The current dilemma is Napster, a program that eases the trading of MP3 music files, a favorite pastime of students. Some colleges, such as Indiana University, have simply blocked access to Napster's central servers. Most, however, are struggling to strike a balance that allows reasonable recreational use and more legitimate scholarly pursuits. At USC, students can now download up to 3.5 gigabytes--roughly 1,000 titles in the MP3 music format--over a two-hour period without getting a warning e-mail from campus administrators.

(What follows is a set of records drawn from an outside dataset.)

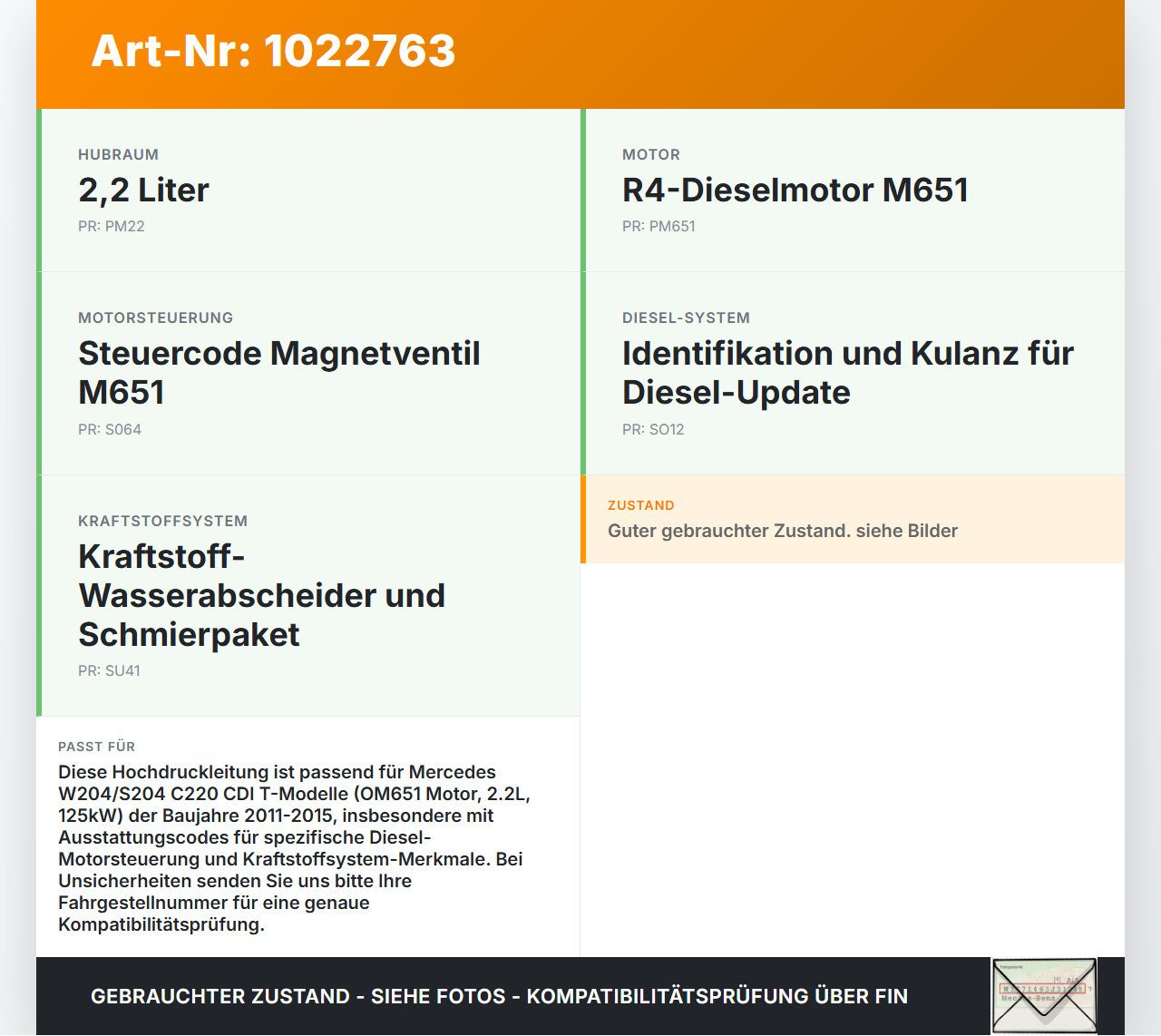 Mercedes S204 W204 C220 11-15  2,1 125KW Hochdruck Leitung Kraftstoffleitung Mercedes S204 W204 C220 11-15... Vorschau 3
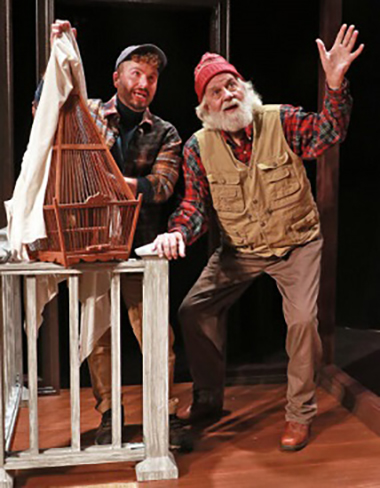 Conor Walton as Blake and Michael Gioia as Maynard in the Actors' Playhouse production of 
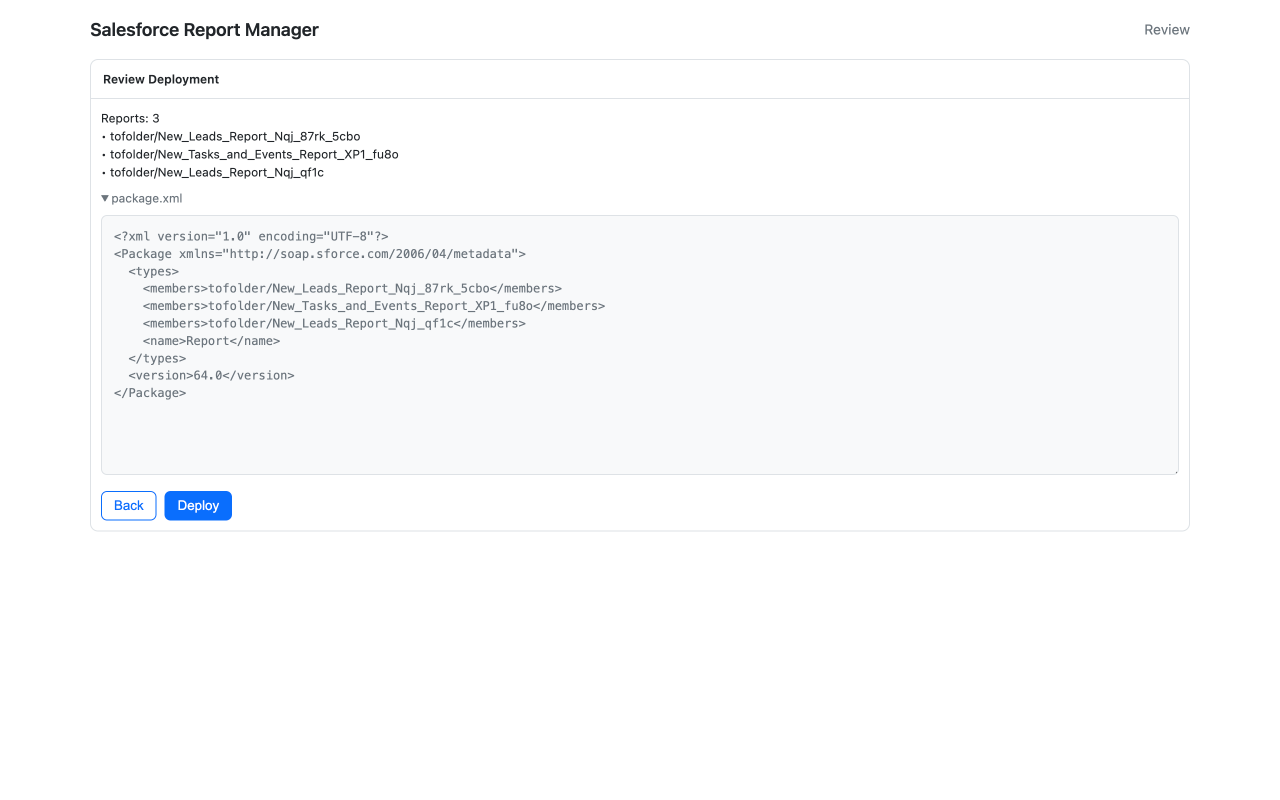 Review deployment screen listing selected reports and expandable package.xml metadata.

COMMON GRIPES. Another way to figure out if a college's commitment to technology goes beyond the glossy brochures and Web sites is to ask whether top administrators use it. Chances are if the chancellor, provost, or president expects to communicate by e-mail, profs will be putting coursework on the network and staffers will be streamlining the tasks that chew up so much of students' time. Two particular gripes: waiting in line all night to ensure a seat in a popular professor's class, and walking pink slips to the registrar's office to drop and add courses.
Not only is the Web making registration easier. It is also helping students land jobs before and after graduation. Online recruiting of graduating seniors is the latest twist at the fully wired college, but you should be able to use it to line up part-time work and summer internships, too. This year, Wellesley College seniors for the first time are using the Internet to research companies, send resumes and cover letters, and schedule on-campus interviews with recruiters. For some, this is a lifesaver. Mia Santos, a 22-year-old political science major, spent the fall semester sick at home in San Francisco, yet managed to get her interviews with recruiters for several major retailers scheduled for the spring.
Soon, the wired campus will be wireless. By this fall, students at Pittsburgh's Carnegie Mellon University will be able to buy a $100 card for laptop computers that will hook them up to the school's network no matter where they are on the 103-acre campus. That way they'll be able to work on their tans and their research at the same time.